The second factor manipulated in this task battery was whether the actor had a desire to ‘approach’ or ‘avoid’ a target object. While children from age four typically solve false belief tasks where the character has the desire of approaching the object (e.g. Sally wants her marble, but thinks it is in the box) results show that this success does not extend to the case where Sally wishes to avoid something about the location of which she has a mistaken belief (Cassidy, 1998, Leslie and Polizzi, 1998, Leslie et al., 2005). Children do not reliably solve avoid desire false belief problems until age six (Friedman and Leslie, 2004a, Friedman and Leslie, 2004b). Indeed, from the preschool data across tasks that vary the truth and falsehood of the protagonist's belief, and whether the character has the desire to approach or avoid the object, there is a predictable developmental trajectory: TB approach>TB avoid>FB approach>FB avoid (Cassidy, 1998, Friedman and Leslie, 2004a, Leslie and Polizzi, 1998, Leslie et al., 2005). An example of a story in each of its four versions appears in Table 2.

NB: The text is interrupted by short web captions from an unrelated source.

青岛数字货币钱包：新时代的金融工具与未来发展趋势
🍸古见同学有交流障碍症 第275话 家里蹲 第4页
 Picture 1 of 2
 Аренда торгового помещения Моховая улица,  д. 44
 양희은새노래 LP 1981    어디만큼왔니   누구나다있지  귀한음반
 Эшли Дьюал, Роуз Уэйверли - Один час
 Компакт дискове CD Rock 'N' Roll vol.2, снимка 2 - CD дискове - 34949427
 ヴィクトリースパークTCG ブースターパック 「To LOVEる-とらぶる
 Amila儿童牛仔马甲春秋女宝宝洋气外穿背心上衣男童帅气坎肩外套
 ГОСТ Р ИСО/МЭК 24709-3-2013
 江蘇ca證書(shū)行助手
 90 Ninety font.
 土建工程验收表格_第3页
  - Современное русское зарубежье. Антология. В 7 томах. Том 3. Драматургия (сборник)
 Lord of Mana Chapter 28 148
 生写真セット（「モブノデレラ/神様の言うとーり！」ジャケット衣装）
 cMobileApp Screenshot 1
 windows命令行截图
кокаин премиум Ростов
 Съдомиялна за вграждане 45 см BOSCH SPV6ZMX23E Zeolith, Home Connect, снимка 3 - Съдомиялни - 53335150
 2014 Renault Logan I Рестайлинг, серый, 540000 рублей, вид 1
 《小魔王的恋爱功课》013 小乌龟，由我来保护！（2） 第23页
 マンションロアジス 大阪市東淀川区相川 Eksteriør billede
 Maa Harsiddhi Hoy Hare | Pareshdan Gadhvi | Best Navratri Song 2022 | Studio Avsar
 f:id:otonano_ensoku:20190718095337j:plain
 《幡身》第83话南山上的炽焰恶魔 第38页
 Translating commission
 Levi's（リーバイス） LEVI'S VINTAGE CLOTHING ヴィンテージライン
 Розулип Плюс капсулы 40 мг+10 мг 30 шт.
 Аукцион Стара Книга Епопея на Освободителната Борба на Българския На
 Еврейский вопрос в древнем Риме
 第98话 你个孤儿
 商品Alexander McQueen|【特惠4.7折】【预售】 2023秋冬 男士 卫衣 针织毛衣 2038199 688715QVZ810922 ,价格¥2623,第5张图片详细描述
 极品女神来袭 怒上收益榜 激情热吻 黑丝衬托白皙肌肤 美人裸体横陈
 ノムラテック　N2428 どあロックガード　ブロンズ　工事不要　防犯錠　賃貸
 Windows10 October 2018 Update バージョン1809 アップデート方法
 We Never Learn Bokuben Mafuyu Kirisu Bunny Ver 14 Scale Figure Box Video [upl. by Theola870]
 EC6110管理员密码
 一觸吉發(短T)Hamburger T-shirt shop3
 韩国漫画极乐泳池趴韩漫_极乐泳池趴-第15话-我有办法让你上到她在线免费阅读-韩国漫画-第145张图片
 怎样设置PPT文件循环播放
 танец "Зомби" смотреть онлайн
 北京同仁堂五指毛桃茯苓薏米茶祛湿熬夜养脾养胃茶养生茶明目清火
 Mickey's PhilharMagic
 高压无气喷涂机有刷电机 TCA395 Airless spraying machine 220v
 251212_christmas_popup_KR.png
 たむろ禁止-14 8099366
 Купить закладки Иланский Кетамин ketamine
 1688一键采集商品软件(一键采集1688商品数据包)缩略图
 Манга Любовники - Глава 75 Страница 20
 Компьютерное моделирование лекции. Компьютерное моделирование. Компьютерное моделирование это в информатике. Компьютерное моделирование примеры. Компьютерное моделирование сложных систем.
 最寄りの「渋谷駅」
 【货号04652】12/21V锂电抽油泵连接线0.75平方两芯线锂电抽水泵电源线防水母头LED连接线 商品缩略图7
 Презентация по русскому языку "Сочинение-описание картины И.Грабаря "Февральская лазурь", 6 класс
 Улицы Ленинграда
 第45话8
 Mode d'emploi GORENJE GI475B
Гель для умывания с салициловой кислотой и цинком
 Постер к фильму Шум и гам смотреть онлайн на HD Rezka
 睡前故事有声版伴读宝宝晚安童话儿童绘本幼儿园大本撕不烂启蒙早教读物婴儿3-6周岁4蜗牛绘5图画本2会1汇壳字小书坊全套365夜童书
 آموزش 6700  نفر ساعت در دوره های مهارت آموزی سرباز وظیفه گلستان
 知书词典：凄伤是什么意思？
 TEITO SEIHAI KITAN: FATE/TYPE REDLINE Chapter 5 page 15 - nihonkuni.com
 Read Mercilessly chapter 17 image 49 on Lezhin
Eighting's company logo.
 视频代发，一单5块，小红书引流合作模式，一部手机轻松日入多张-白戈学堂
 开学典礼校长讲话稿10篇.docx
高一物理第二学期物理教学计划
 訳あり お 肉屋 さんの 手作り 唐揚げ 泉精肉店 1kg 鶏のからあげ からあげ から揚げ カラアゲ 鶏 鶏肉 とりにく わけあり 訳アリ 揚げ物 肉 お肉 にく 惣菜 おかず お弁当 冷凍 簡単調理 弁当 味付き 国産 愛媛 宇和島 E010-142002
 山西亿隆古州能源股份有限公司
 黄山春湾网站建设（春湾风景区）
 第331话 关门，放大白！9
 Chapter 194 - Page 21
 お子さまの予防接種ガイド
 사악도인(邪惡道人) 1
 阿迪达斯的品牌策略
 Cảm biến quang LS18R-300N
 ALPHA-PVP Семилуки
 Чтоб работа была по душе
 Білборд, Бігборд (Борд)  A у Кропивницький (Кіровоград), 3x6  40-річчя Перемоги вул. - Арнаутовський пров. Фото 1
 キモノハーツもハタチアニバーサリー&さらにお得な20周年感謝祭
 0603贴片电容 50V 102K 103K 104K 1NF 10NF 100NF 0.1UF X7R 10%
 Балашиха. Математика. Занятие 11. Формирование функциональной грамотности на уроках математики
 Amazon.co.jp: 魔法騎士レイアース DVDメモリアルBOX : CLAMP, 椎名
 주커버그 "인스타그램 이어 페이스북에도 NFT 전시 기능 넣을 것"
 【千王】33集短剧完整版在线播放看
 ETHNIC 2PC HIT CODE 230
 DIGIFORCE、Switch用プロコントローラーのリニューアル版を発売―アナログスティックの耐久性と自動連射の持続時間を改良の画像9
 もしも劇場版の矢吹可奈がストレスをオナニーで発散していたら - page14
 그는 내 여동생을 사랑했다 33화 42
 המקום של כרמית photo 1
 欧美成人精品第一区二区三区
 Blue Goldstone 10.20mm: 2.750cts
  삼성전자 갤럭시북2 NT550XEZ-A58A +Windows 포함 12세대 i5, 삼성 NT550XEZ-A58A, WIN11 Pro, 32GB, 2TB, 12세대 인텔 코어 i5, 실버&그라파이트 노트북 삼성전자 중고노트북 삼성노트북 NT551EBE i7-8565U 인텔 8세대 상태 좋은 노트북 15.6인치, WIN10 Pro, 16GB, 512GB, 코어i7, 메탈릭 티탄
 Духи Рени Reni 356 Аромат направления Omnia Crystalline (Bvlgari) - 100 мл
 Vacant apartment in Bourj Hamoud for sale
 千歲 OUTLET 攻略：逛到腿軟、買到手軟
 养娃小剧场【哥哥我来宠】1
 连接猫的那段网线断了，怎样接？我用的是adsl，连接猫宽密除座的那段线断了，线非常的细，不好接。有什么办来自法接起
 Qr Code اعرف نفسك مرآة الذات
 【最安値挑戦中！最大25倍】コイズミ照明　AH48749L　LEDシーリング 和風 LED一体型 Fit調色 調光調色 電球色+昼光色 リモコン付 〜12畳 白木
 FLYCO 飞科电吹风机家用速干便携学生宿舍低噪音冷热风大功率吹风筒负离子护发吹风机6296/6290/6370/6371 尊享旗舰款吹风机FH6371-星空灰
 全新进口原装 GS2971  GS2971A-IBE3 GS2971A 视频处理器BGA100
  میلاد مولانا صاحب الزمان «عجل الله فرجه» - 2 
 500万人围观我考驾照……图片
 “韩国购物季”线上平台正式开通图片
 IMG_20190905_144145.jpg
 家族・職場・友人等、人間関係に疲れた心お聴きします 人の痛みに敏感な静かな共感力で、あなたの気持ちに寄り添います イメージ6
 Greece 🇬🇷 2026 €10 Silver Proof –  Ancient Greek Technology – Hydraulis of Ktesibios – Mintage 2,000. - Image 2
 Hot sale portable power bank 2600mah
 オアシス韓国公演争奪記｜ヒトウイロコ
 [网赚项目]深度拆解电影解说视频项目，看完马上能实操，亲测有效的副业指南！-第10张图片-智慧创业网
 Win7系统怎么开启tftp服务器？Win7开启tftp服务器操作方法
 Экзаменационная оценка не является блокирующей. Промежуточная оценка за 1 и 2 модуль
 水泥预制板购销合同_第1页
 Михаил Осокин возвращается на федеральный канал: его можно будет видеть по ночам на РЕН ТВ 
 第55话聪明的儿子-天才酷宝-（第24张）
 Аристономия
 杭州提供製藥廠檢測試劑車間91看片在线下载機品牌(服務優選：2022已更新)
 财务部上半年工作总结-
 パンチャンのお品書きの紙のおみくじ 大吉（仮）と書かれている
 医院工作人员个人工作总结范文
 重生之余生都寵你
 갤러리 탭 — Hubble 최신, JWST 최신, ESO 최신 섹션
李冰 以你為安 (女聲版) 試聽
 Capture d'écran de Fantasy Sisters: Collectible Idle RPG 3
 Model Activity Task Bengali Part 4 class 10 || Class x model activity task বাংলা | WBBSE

We predicted that if belief-desire reasoning problems arise as a result of failures to meet the executive selection demands, our elderly participants would show a disproportionate increasing cost in accuracy and/or response time in solving the belief-desire reasoning tasks as executive performance demands increase in the order derived from the developmental trajectory.

Finally, in order to directly assess the hypothesis that executive selection capacities are related to belief-desire reasoning, a number of measures of cognitive function with no mental state content were included. These were chosen to provide a focused test of the idea that executive selection in belief-desire reasoning might draw on inhibitory processes (Friedman and Leslie, 2004a, Friedman and Leslie, 2004b, Leslie, 2000, Leslie et al., 2004, Leslie et al., 2005) and thus a variety of ‘response competition’ inhibition tasks were included. These comprised interference conditions of the Stroop task, the Hayling sentence completion task (Burgess, & Shallice, 1996), and the interference condition of the ‘day–night’ task (Gerstadt et al., 1994).

In addition, given claims that working memory might be one of the executive systems engaged by mental state reasoning (Gordon and Olson, 1998, Davis and Pratt, 1995), we assessed working memory via the backwards digit span task. Following Maylor et al. (2002) we also assessed ‘fluid’ processing speed and matched our participants in terms of ‘crystallized’ and ‘pre-morbid’ intelligence.